Quite a few of their players came in for strong criticism from big figures after the first Test – the verbals between Michael Vaughan, the former captain, and Stuart Broad are ongoing – but they channelled all that angst into a strong performance here. While Broad and Jimmy Anderson were back among the wickets, Dom Bess provided hope for the future. And the Jos Buttler call-up proved a masterstroke.
All in all, it was a near-perfect display from the home side.
Ebbs & Flows: How day 3 unfolded
- England resumed the day at 302-7, a lead of 128. Pakistan would have hoped for three quick wickets to give their batsmen something reasonable to outscore, but Jos Buttler’s early fireworks ensured that wasn’t to be – from an overnight 34, he ended the innings unbeaten on 80, with 11 fours and two sixes to his name. He was in T20 mode.

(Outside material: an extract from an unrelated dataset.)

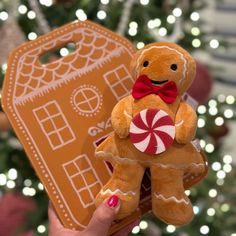 a hand holding up a gingerbread christmas ornament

- The Pakistan pacemen rounded up the tail, but conceded 61 big runs in the process, and England had a massive first innings lead of 189.
- The Pakistan batsmen couldn’t afford a repeat of their poor display in the first innings, when they were bundled out for 174. Unfortunately, Azhar Ali’s moment of madness – swinging across the line to Jimmy Anderson – resulted in him being bowled for just 11.
- Anderson and Broad accounted for Harris Sohail and Asad Shafiq as Pakistan headed into tea teetering at 48-3. They badly needed a partnership after a disastrous first session.
- It came via Usman Salahuddin and Imam-ul-Haq. The two added 42 solid runs for the fourth wicket, and for a while Pakistan had hope.
- Dom Bess, playing just his second Test, eventually broke the stand in his first over. He had Imam trapped in front, and though the batsman opted for a review, it was in vain.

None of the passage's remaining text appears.